Painted along Grand Manan Island, a favorite vacation spot of the artist in New Brunswick, Canada, Bricher painted the sunrise coming above the Atlantic Ocean in a tiny inlet on the coast. Four sailing ships are clearly visible against the pink sky. On the left of the canvas, a sharp, rocky cliff face is seen, breaking up the composition. Bricher clearly depicts each wave rolling onto the beach in minute detail. The Sun is positioned a little left of center of the canvas, but is the major focal point, drawing the eye in. Just like other Hudson River School painters, Bricher hides his brushstrokes, as if to make the canvas disappear.
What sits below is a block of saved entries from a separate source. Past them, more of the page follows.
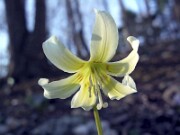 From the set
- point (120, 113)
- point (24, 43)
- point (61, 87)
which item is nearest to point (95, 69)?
point (61, 87)

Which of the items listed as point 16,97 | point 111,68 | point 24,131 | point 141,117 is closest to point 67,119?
point 24,131

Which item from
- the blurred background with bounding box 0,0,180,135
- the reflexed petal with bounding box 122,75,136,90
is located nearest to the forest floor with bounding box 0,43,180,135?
the blurred background with bounding box 0,0,180,135

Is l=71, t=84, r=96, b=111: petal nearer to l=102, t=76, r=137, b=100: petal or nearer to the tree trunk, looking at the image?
l=102, t=76, r=137, b=100: petal

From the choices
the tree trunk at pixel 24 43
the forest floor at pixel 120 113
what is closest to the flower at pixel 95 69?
the forest floor at pixel 120 113

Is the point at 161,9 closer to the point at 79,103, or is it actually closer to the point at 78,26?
the point at 78,26

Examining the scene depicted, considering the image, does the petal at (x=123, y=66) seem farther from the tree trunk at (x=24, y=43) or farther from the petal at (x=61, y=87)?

==Historical Information==

Alfred Thompson Bricher was part of the American Luminist movement, coming out of the Hudson River School. Much like the Impressionists, they were interested in the play of light in landscapes, with Bricher himself being particularly interested in how light played against the ocean. Bricher, in particular, became famous for his seascapes and depicting the North Atlantic seaboard. Bricher is considered the last important luminist painter. Morning at Grand Manan came at the height of his career, and displayed Bricher's acquisition of European aesthetics into his own paintings.

===Acquisition===

Bricher sold Morning at Grand Manan to the Vose Gallery in Boston in 1898. The Indianapolis Museum of Art purchased the painting in 1970 using the Martha Delzell Memorial Fund.